Episode: “Charlie Got Molested” (season 1, episode 7)

What Happens: The McPoyle Twins (and a drunk Charlie, a long time ago) devise a plot sue the schoolboard by accusing elementary school gym coach Mr. Belding Coach Murray of molesting them. Charlie seems overly concerned and leaves the bar, which (as any small event does) sends everybody else on the show into a confusing spiral of narcissism and corruption. Mac gets his feelings hurt that the coach never molested HIM, and Dee and Dennis take turns trying to give Charlie “interventions,” including one prodding question-and-answer session during a game of pool.

Key line: “First of all, there are people out there who actually have been molested and you guys are going to exploit that for your own personal gain? You assholes are securing your places in hell.” “We’ve thought about it. We’re willing to roll the dice. “

Oh hey look, season 1!

This episode marks the first appearances of the McPoyles, at least Ryan and Liam. Mac’s initial description of them will always fit them best: “They were the type of kids that would blow snot bubbles and run ’em all over each other. They were gross. And they smelled like a couple of unwiped assholes.”

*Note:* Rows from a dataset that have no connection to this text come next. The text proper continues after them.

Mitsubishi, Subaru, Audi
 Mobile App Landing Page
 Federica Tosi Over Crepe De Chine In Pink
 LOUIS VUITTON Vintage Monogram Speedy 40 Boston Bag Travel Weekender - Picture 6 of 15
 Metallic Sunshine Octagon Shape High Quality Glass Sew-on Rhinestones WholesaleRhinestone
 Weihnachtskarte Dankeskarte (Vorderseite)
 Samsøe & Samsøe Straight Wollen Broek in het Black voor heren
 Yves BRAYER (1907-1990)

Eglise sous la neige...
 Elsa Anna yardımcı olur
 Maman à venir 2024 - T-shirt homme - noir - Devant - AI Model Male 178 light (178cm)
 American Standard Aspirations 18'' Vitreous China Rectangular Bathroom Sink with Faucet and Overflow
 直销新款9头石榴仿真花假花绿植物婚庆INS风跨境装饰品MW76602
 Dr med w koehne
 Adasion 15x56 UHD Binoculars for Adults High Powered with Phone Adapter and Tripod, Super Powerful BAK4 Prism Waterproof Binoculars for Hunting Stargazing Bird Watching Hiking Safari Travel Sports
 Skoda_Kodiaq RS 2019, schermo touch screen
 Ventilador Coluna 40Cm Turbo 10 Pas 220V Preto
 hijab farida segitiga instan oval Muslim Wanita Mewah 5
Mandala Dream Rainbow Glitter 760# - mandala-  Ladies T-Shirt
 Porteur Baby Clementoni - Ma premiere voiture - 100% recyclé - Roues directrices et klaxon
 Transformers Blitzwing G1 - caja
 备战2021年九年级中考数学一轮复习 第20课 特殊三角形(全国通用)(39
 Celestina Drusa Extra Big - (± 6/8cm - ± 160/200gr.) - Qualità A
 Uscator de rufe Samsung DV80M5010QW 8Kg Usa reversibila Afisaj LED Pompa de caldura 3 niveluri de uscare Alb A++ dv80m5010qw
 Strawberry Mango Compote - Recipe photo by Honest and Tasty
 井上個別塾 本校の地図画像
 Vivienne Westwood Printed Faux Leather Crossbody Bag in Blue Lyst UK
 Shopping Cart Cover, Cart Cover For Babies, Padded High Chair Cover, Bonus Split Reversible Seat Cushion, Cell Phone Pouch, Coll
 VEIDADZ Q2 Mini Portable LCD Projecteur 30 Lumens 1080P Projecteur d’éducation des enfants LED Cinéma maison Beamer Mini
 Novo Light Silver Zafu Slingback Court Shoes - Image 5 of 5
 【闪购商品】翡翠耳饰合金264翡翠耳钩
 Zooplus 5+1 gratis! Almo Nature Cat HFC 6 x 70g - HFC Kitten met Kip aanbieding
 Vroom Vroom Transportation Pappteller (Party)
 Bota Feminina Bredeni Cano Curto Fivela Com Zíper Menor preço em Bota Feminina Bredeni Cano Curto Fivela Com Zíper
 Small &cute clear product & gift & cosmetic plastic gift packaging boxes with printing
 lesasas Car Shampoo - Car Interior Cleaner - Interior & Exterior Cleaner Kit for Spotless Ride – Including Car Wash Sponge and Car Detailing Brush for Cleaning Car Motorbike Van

And poor Dennis Haskins. If you read Sports On TV: Saved By The Bell’s 20 Greatest Sports Moments (or watched TV at any point between 1990 and … well, now) you’ll know that Dennis was always looking out for the best interests of his students and ALWAYS getting manipulated and shit on by them. At least in the ‘Sunny’-verse (where Game 5 of the 2008 World Series happened on one lovely afternoon) he was just dealing with kids that smelled like unwiped assholes and not a bunch of super kids who could stop time.

Episode: “Chardee MacDennis: The Game of Games” (season 7, episode 7)

What Happens: Not much else is going on, so the gang decides to play CHARDEE MACDENNIS: THE GAME OF GAMES, a homemade drinking/board game featuring three levels — Level One (Mind): Trivia, Puzzles, and Artistry; Level Two (Body): Physical Challenge, Pain, and Endurance; and Level Three (Spirit): Emotional Battery and Public Humiliation. Level Two is where the sports moment comes in, as Dennis must hold his hand on the center of a dart board and not flinch while people throw darts at him. He succeeds, in a chilling moment of in-the-zone dedication.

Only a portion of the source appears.